In the last few days I reconnected with two former colleagues from my days in TV news—Donna Skelly and Matt Hayes. Both were victims of the Black Friday wipeout at CHCH last December—both have landed on their feet. Matt is still the co-host of the number one morning radio show in Hamilton—Sunni and Hayes on K-Lite; and Donna has just beaten out a crowd to 22 candidates to become the new councillor for Hamilton’s Ward 7.

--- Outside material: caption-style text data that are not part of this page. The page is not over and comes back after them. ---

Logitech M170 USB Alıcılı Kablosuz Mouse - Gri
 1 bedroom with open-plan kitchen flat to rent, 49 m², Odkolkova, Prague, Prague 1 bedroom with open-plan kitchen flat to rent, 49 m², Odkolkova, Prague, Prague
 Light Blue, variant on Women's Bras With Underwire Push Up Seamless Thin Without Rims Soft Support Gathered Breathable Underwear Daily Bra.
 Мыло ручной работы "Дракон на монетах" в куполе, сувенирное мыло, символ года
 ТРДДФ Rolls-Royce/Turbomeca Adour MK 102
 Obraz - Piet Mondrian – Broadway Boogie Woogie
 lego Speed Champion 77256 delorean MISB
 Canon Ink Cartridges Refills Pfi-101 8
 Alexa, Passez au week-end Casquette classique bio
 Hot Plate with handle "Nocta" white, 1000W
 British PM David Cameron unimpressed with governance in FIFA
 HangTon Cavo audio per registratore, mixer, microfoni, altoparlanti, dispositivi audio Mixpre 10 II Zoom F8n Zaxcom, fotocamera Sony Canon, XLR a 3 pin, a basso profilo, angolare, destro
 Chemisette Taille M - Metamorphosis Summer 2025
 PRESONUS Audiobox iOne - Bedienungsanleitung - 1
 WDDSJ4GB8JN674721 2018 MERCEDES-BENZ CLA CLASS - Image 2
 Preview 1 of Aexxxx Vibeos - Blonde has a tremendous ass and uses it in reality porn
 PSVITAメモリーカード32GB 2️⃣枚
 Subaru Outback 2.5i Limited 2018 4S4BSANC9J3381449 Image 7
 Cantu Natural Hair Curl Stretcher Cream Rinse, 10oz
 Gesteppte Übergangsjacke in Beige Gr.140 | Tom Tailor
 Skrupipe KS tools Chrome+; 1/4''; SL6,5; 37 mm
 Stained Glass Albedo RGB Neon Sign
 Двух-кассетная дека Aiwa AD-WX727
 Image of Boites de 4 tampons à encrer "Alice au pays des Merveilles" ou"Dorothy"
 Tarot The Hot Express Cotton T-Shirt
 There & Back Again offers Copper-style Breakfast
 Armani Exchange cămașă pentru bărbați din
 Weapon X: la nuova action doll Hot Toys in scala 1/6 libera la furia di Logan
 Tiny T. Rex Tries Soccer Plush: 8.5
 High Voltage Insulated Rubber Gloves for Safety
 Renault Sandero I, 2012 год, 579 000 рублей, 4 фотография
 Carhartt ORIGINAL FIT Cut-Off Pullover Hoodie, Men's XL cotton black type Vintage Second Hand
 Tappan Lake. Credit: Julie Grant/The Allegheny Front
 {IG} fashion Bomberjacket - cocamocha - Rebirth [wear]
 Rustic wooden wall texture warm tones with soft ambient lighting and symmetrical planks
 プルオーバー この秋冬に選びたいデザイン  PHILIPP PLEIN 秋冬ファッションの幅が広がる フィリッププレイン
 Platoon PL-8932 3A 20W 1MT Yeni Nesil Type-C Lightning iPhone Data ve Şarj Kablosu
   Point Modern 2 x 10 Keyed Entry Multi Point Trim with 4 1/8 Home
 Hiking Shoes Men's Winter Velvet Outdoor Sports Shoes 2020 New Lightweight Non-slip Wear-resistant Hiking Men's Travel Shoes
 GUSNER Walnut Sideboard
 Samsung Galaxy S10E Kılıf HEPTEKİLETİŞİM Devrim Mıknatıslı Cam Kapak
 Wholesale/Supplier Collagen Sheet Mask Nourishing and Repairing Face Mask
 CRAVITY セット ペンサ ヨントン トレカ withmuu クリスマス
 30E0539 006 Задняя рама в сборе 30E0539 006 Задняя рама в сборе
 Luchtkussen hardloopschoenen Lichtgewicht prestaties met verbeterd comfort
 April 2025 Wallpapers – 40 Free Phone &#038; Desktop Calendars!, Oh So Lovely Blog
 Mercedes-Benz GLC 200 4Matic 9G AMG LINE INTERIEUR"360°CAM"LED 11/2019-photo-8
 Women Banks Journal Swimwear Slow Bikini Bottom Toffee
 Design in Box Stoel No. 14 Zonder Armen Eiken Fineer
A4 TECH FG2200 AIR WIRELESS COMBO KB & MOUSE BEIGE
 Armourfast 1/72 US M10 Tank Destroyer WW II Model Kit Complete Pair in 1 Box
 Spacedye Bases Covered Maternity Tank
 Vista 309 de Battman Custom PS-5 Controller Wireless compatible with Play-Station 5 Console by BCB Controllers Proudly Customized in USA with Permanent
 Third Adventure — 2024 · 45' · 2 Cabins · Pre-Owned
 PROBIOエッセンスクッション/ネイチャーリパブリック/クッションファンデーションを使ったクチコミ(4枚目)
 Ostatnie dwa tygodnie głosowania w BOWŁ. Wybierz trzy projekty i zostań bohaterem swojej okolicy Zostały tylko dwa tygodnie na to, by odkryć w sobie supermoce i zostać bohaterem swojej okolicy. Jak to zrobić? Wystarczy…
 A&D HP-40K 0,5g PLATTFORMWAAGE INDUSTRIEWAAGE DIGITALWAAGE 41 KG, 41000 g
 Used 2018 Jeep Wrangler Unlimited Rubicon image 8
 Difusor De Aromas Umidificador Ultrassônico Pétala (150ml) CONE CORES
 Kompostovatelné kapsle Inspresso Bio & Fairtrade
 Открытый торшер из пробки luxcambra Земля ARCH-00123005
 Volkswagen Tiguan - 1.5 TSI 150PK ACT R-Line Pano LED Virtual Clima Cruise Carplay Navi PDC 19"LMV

Talking to them I got to thinking about how significantly news consumption habits have changed. For a generation of young people their news consumption consists of whatever they can glean from the Internet—some of it from reputable sites…some not so much…some absolute rubbish. You look at a story like Toronto Star reporter Martin Regg Cohn’s piece on how Ontario cabinet ministers are assigned whopping fundraising quotas, and how they meet those quotas by essentially prostituting themselves at expensive cocktail receptions attended by people who want something from the government; (my late friend Eric Cunningham used to refer to some of the big lobby firms in Toronto as “executive escort services.”) and you wonder could a story like that happen if the entire news industry consisted of part-time unpaid citizen journalists? I think it possible, but it is more reassuring to have a reporter’s work, especially with a complex story like Cohn’s vetted through a more formal editing system, or at least to have passed through the hands of someone who has had some formal training in journalism. In journalism school there is a lot of discussion about ethics—in the newsroom a lot less—but at least the seed has been planted and having that background hopefully provides a reporter with a touch of restraint.

With so much news coming from so many sources—many of them of the informal variety there are inevitable system breakdowns. Hello magazine—generally a cheery, glossy celebrity magazine, not noted for getting down and dirty; was forced to recant an “exclusive” interview with actor George Clooney they had purchased from a so-called news service. The article turned out to be a complete fabrication. Then or course there is the infamous scandal involving Rolling Stone magazine story depicting sexual assault on the campus of the University of Virginia that turned out to be false. One fears we are going to get more of that. With the shrinkage in news careers available there is a lot of questioning about why we need so many journalism schools. There are probably too many…but the other way of looking at Journalism education is that it provides a skill set that is transferrable into other areas. Being able to write sentences and paragraphs in a 140-character world will be an increasingly valuable skill. Organizing thoughts into some kind of logical progression has application in sales, marketing, public relations and public administration. One could argue that if not as training for a career in journalism, journalism education is needed more than ever. When you see 8 year old kids with their noses buried in I pads, it suggests we probably should start teaching kids something about news in senior public school so they can differentiate between the various sources of news and develop some evaluation criteria that will help them separate truth from fiction.